Let $S\subseteq \mathbb{R}^2$, $d:=(d_1,d_2) \in S$, and $s:=(s_1,s_2)$ a generic point of $S$. Assume that there exists $s \in S$ such that $s_1>d_1$ and $s_2 >d_2$. Consider the following maximization problem
$$
\begin{align*}
\max_{(s_1,s_2)\in S} & (s_1-d_1)(s_2-d_2)\\
\text{s.t.}\quad & s_1\geq d_1 \text{ and }s_2\geq d_2
\end{align*}$$
Does the problem have a unique solution under certain conditions? In positive case, one of the necessary conditions is $S$ compact and convex?
Best Answer
I think it's enough to focus on $d$ being the origin as the original problem can be restated at origin using translation. So, we are given a subset $S$ of the positive quadrant, and we would like to maximize $s_1\cdot s_2$. Think of the level sets of $f(s) = s_1\cdot s_2$: if we have two points lying on the same level set, then by taking the straight line between them we can find the point lying on higher-level sets.

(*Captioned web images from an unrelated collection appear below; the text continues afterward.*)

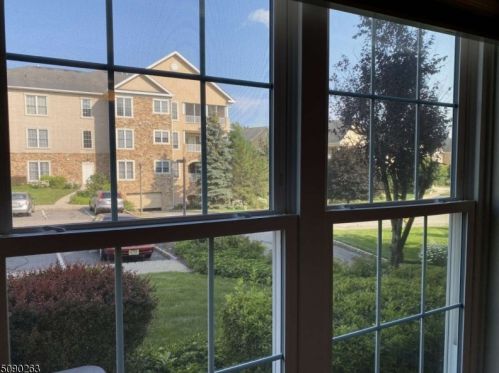 102 Cleveland Ln, Rockaway NJ  07866-5800 exterior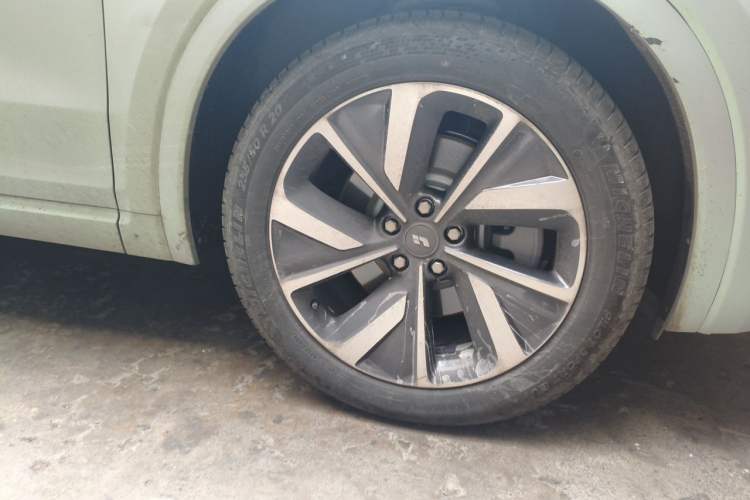 Used Li Auto ONE 2021 Extended-Range 6-Seater Version Right Front Wheel Hub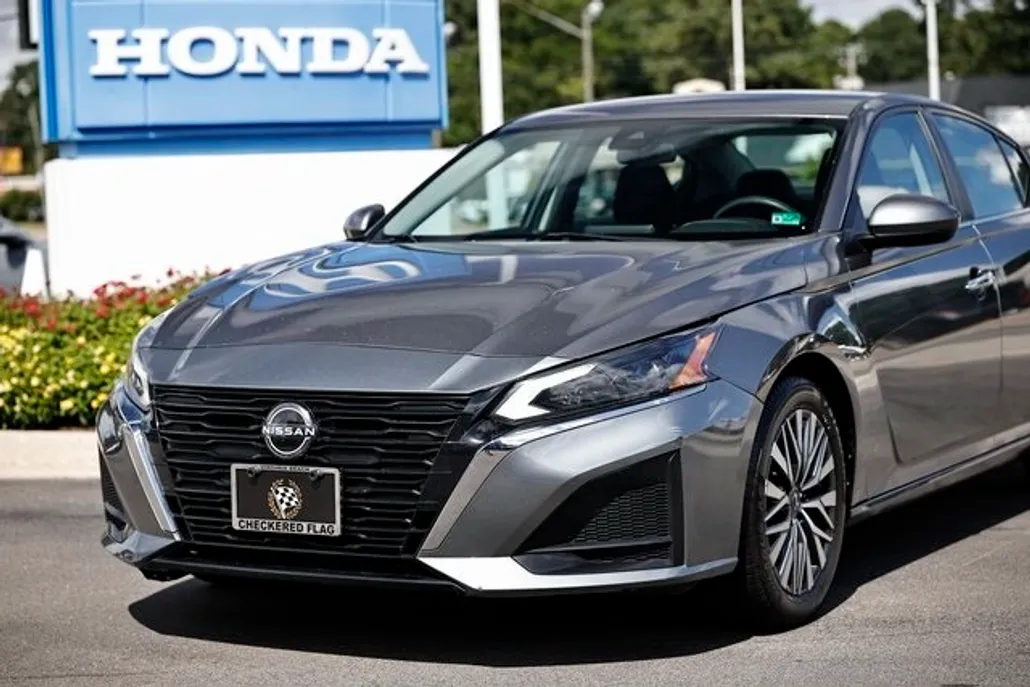 2023 Nissan Altima 2.5 SV photo 1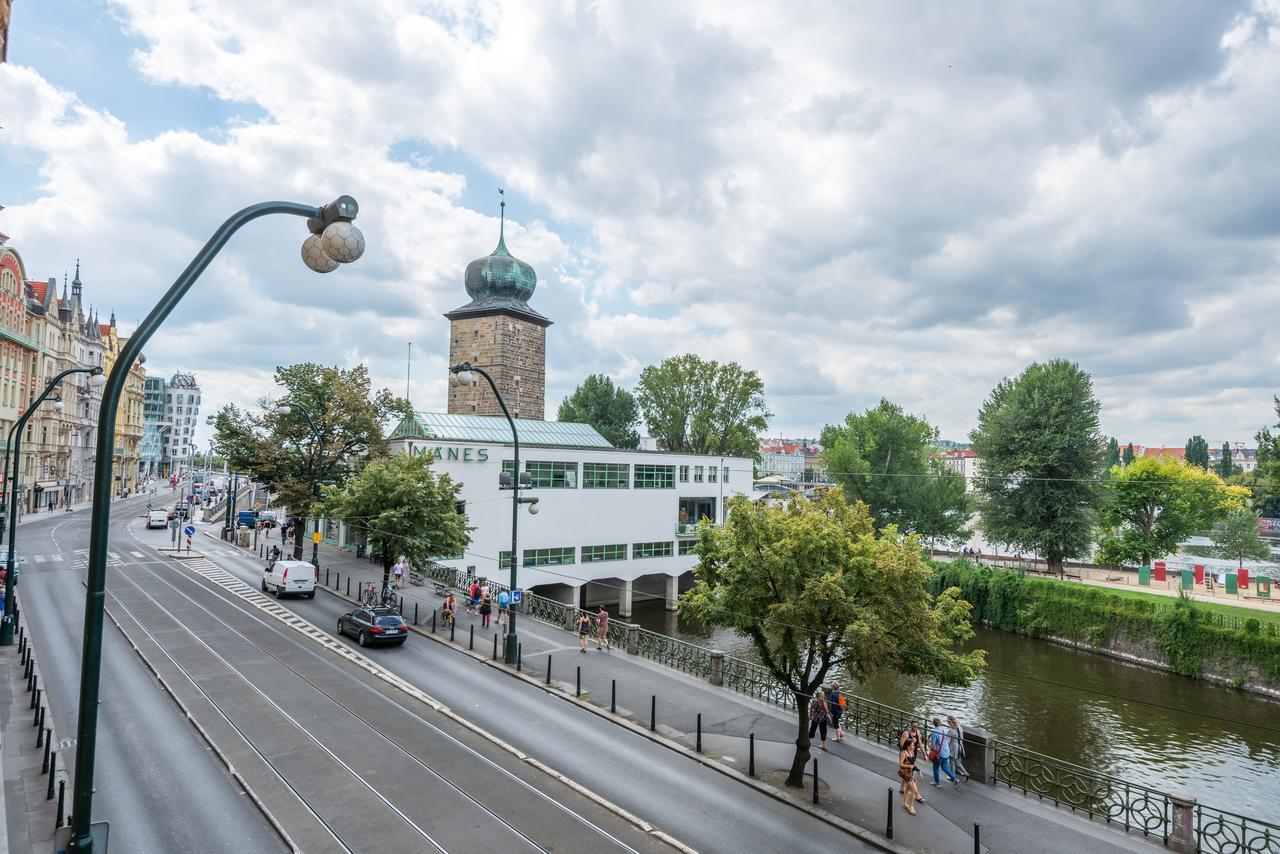 Riverside Apartment With A Balcony Praha Exteriér fotografie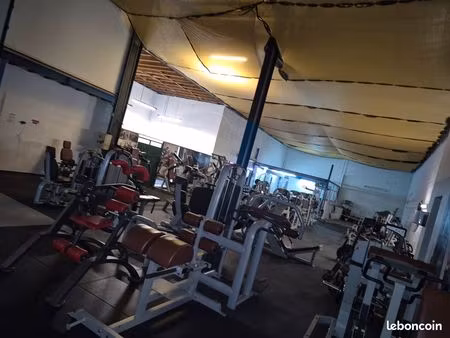 fond de commerce complet salle de sport fitness musculation
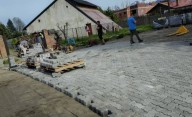 Continúan los trabajos de adoquinado en Trevelin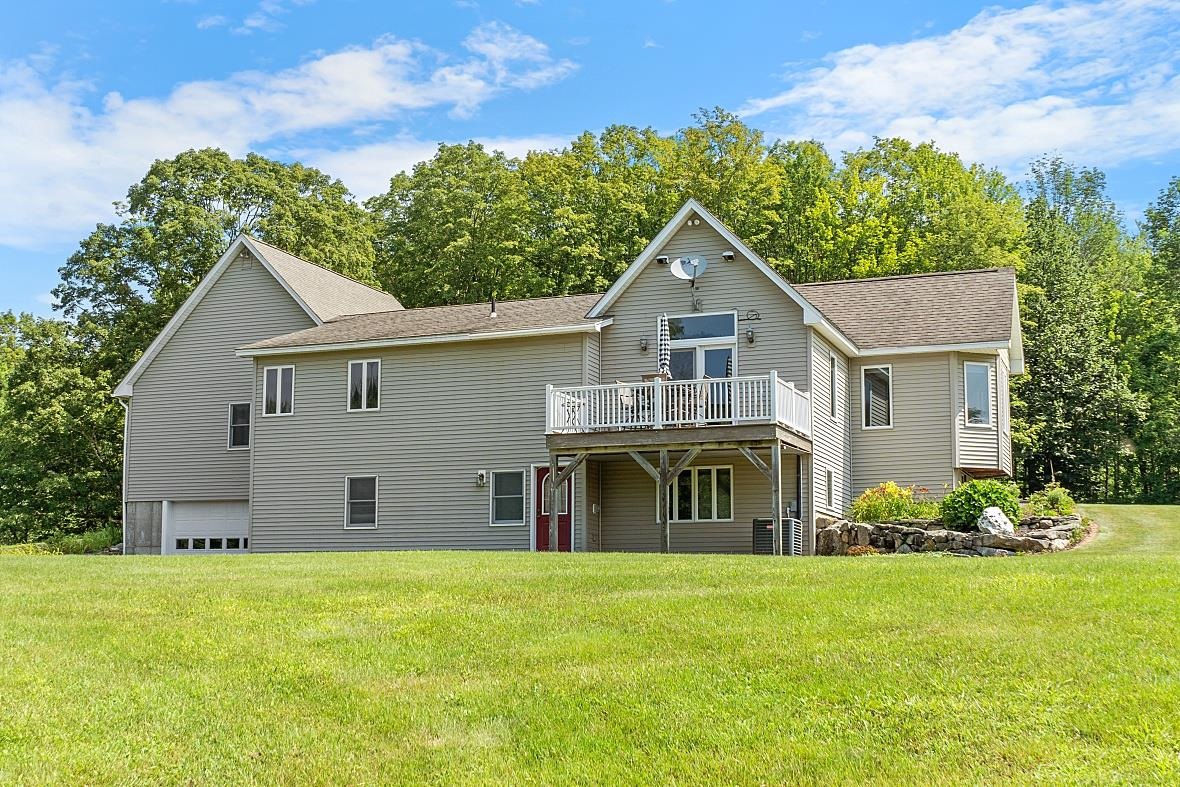 370 Old Walpole Road Keene, NH 03431 - Photo 5 of 40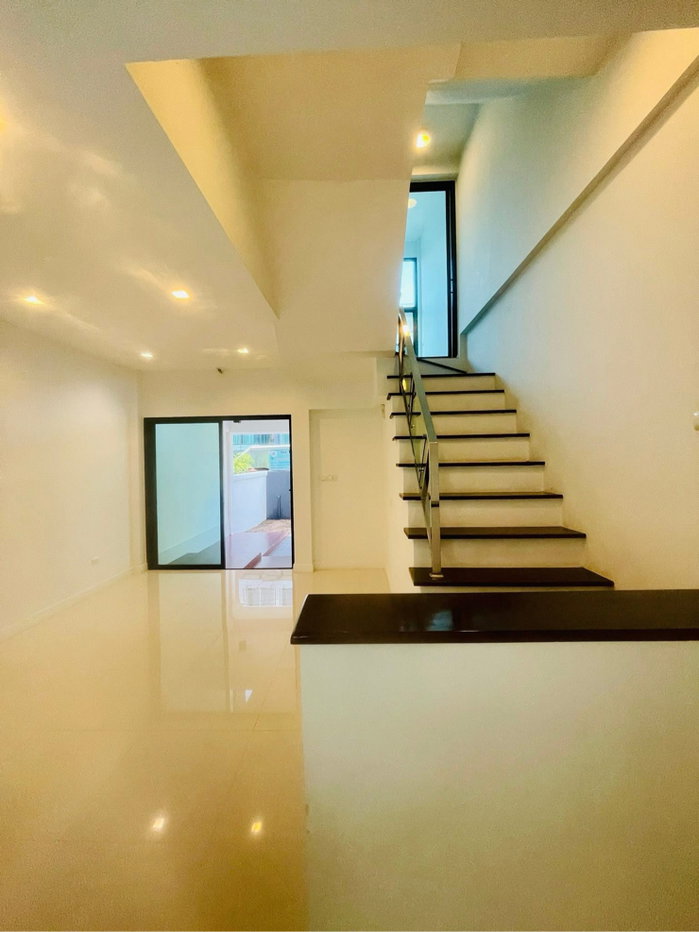 picture Best price Sales townhome khonkaen - 5/12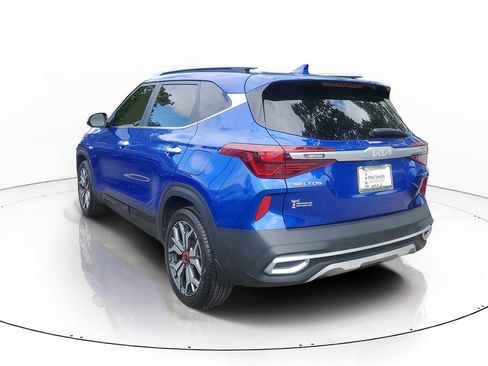 Certified 2022 Kia Seltos SX w/ Sunroof Package AWD/4WD image 4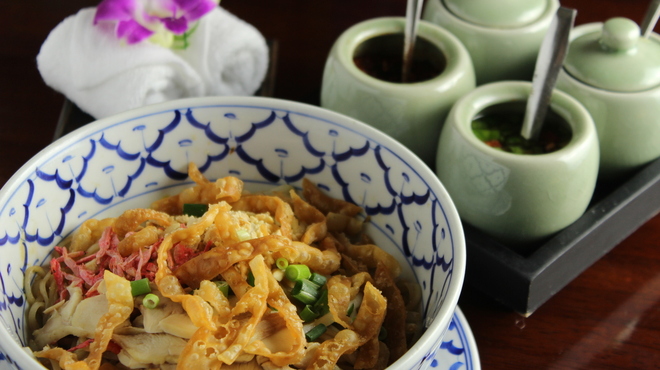 ライカノ - 料理写真:汁なし麺＆調味料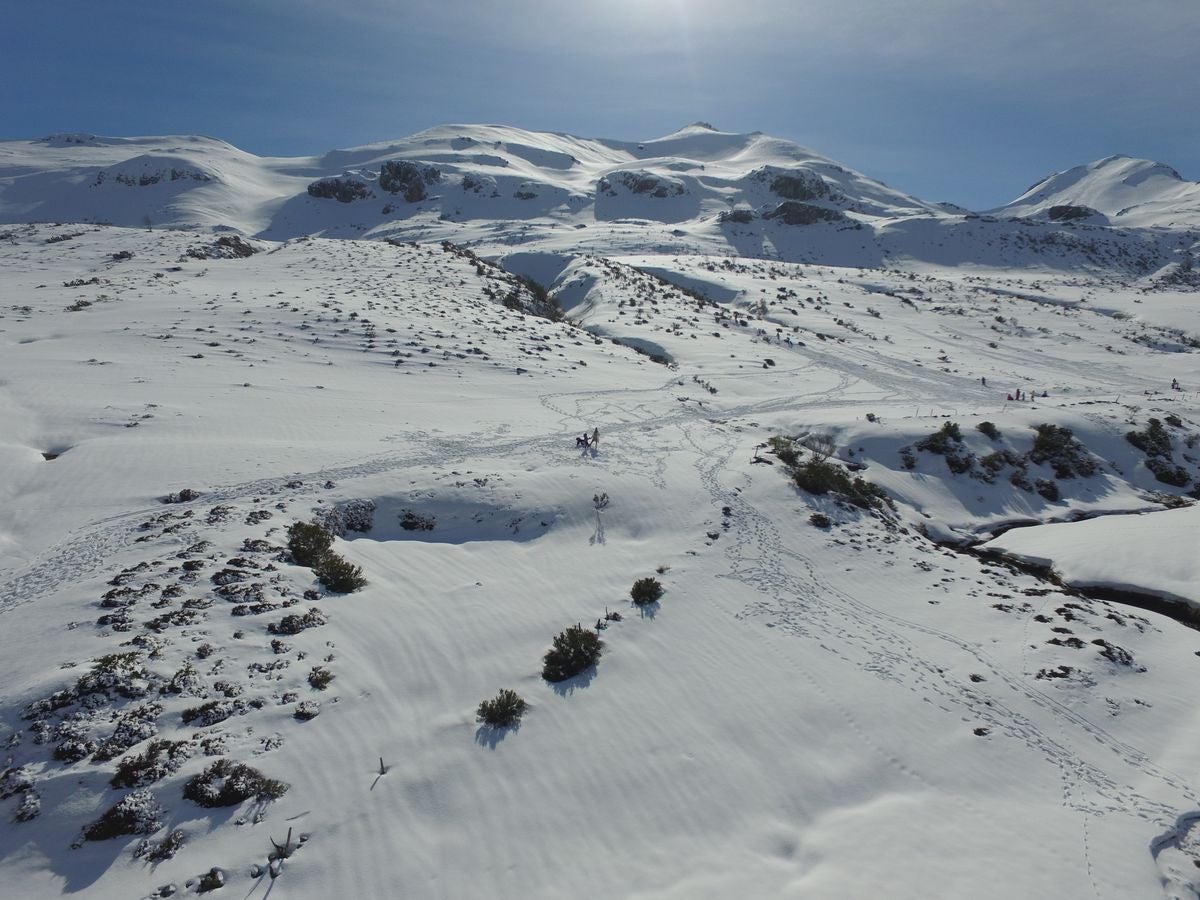 Sol y nieve en San Isidro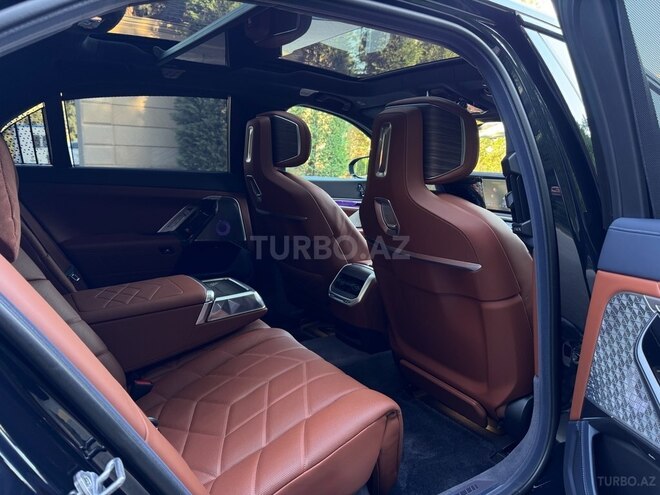 BMW i7 2022, 32,000 km - 0.0 l - Bakı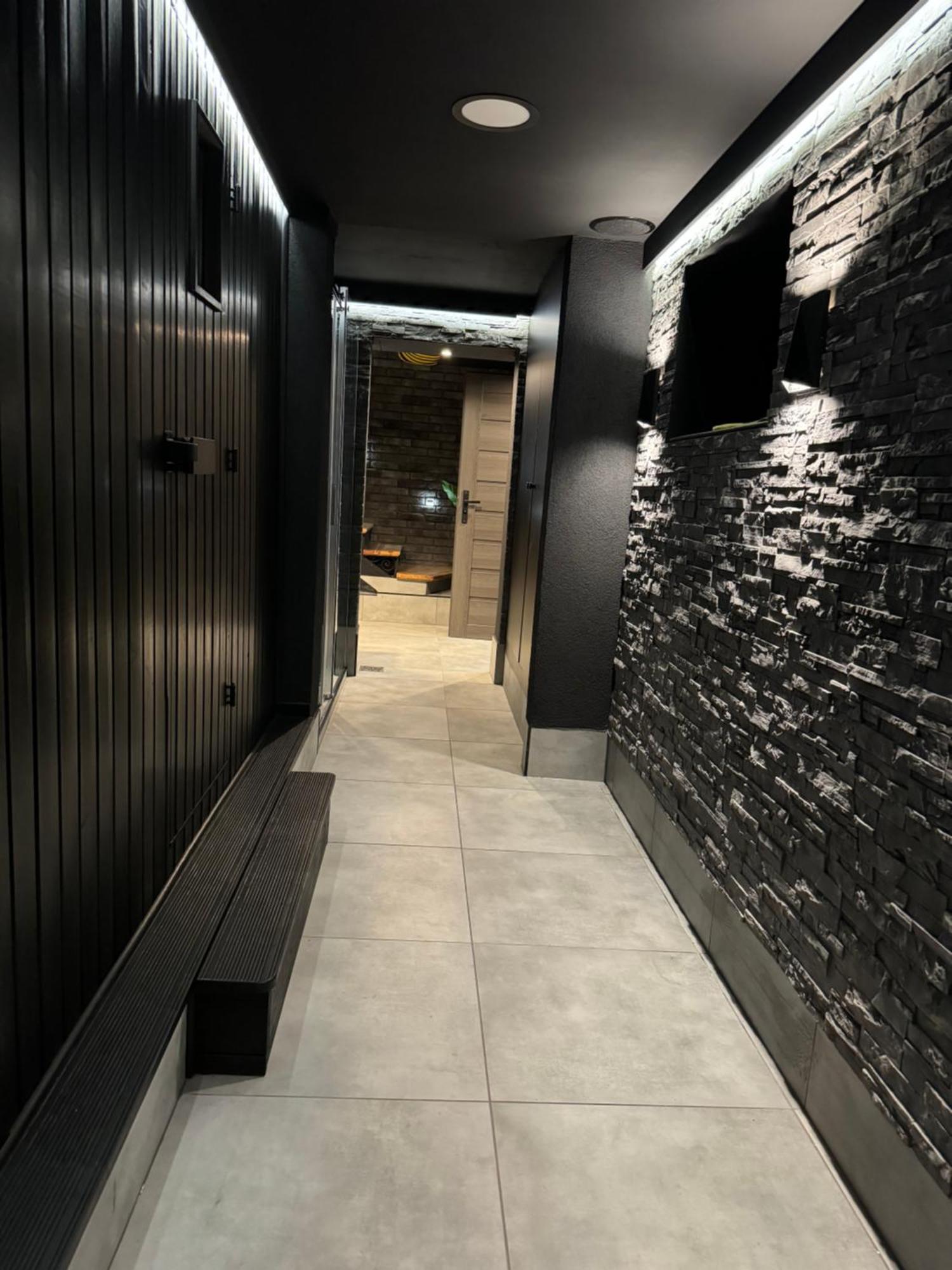 Ferienwohnung Fortisline Pokoje Z Klimatyzcja Sauna Oppeln Exterior foto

Thus, this gives us the intuition that convexity implies uniqueness. Can you proceed from here? At the same time, it's not yet a formal statement, so please be careful - perhaps while trying to show that you'll come up with a counterexample.
I think compactness is irrelevant for uniqueness, and is more about the existence.
Regarding uniqueness, suppose that $S$ is just convex and that there exist $s'\neq s''\in S$ such that $f(s') = f(s'') = f^* = \sup_{s\in S}f(s)$. Consider $\hat s = \frac12(s'+s'')\in S$; it satisfies \begin{align} f(\hat s) &= \frac14(s'_1+s'_2)(s''_1+s''_2) = \frac12f^* +\frac14(s'_1s''_2+s''_1s'_2) \\ &= \frac12f^* + \frac14f^*\left(\frac{s'_1}{s''_1} + \frac{s''_1}{s'_1}\right) > f^* \end{align} since $s'_1 \neq s''_1$: recall that for $x>0$ we have $x+\frac1x>2$ unless $x = 1$. Hence, there exists $\hat s\in S$ at which $f$ is greater than $f^*$, contradiction. Thus, if $S$ is convex and there exists a point of maximum, such point is unique.